▶ Your goal
Your answer must be an exact copy of the lines below, from the first through the one with "I hope you found", with no pictures.

▶ Dataset records

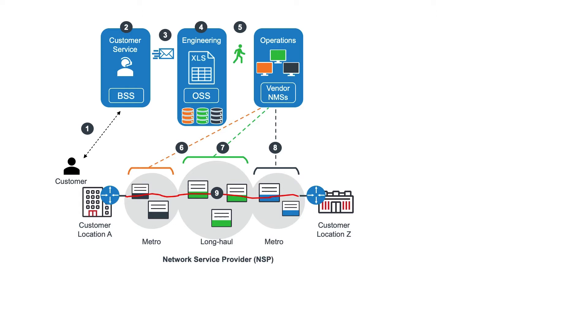However, if the provisioning fails, often due to inaccurate inventory, operations must troubleshoot the inconsistency, and have engineering redesign the connection path.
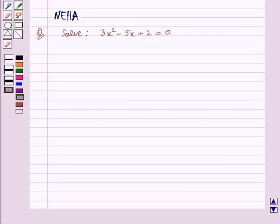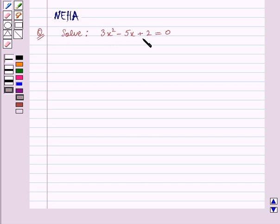Hello and welcome to the session. In this session we will discuss the following question: Solve 3x squared minus 5x plus 2 is equal to 0. Let's start the solution now.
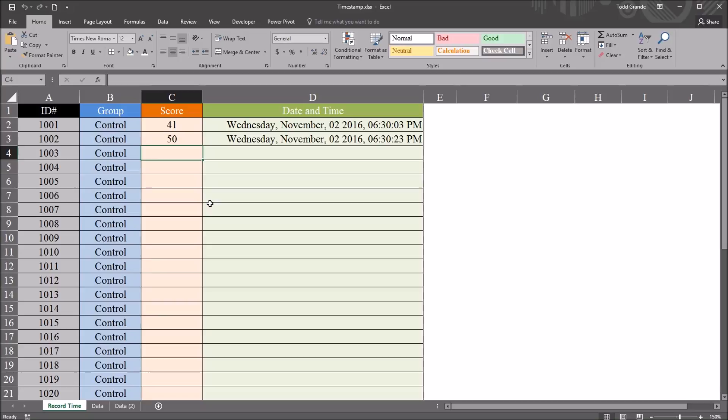I hope you found this video on recording the date and time when a cell value is changed in Excel to be useful. As always, if you have any questions or concerns, feel free to contact me, and I'll be happy to assist you.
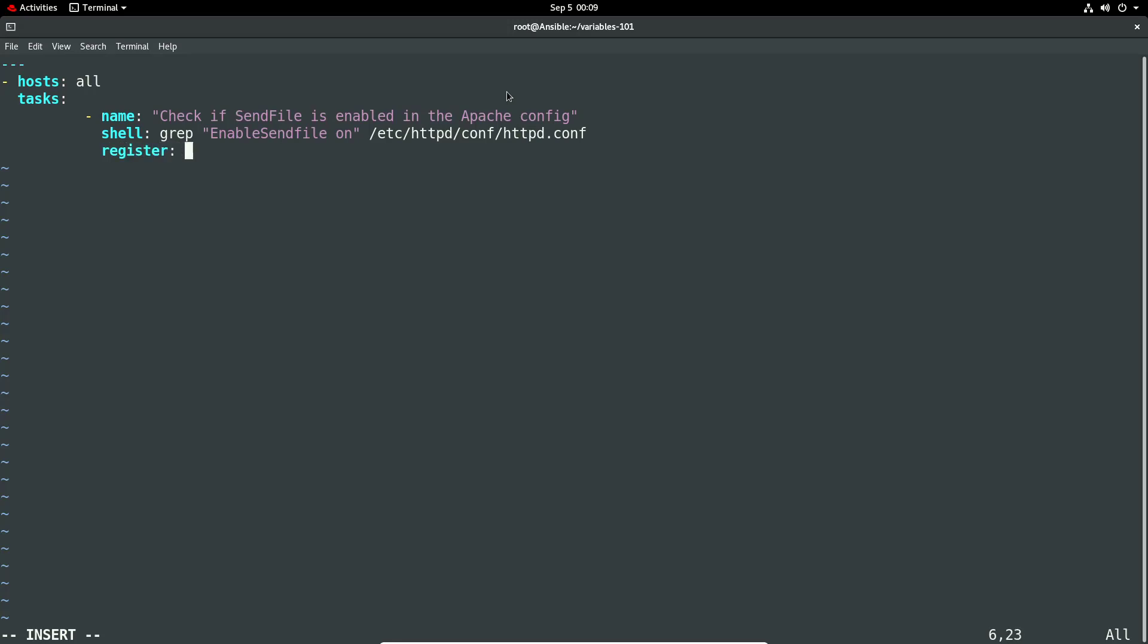We're then going to register that - so that's going to register as a variable the output of this - and we're going to register it as 'sendfile'. And we're going to ignore any errors because we don't want this to bomb out or end the execution if there's an issue, because we may get potentially some errors with shells if the file's not found, etc. So we'll set ignore_errors: true there.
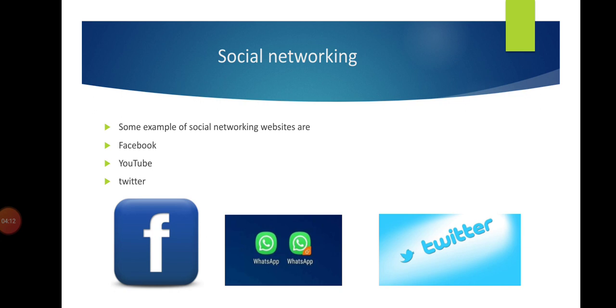To connect to Facebook, you need a password and ID. ID means your email address. After that, you connect to the Facebook account. These social networking websites provide different facilities to users. Users mostly use social media nowadays.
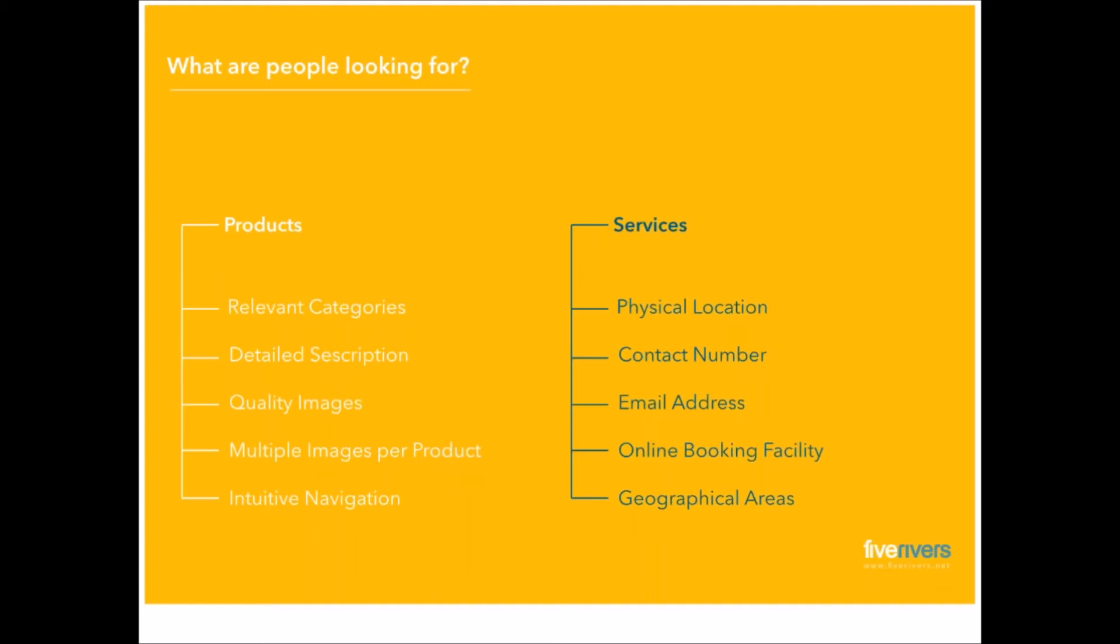Because then when you add your Bing Analytics or Google Analytics to the code of your website, you will be able to much better track which pages your clients are most interested in. If they're not really engaging with a particular page, then you can identify that and understand why. Maybe at that point, you need to do something different on that page, change up the information, change the images, change the hierarchy, create a call to action. That will help identify it. Detailed descriptions, quality images, multiple images per product, and intuitive navigation.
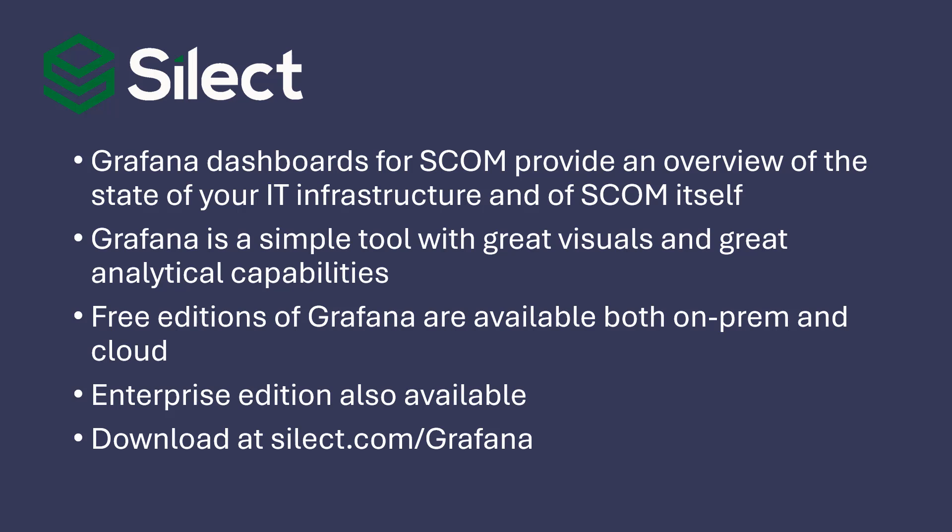Hello and welcome to today's demonstration of the Silect Grafana dashboards for SCOM. The Grafana dashboards for SCOM provide an overview of the state of your IT infrastructure as well as the operation of SCOM itself.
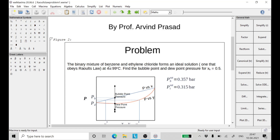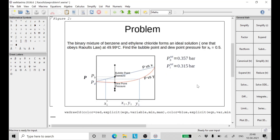For a temperature of 49.99 degrees Celsius, the saturation vapor pressures for benzene and ethylene chloride are given. P_B is the saturation vapor pressure for benzene and P_T is that of ethylene chloride.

▶ Task result
However, if the provisioning fails, often due to inaccurate inventory, operations must troubleshoot the inconsistency, and have engineering redesign the connection path.
Hello and welcome to the session. In this session we will discuss the following question: Solve 3x squared minus 5x plus 2 is equal to 0. Let's start the solution now.
I hope you found this video on recording the date and time when a cell value is changed in Excel to be useful. As always, if you have any questions or concerns, feel free to contact me, and I'll be happy to assist you.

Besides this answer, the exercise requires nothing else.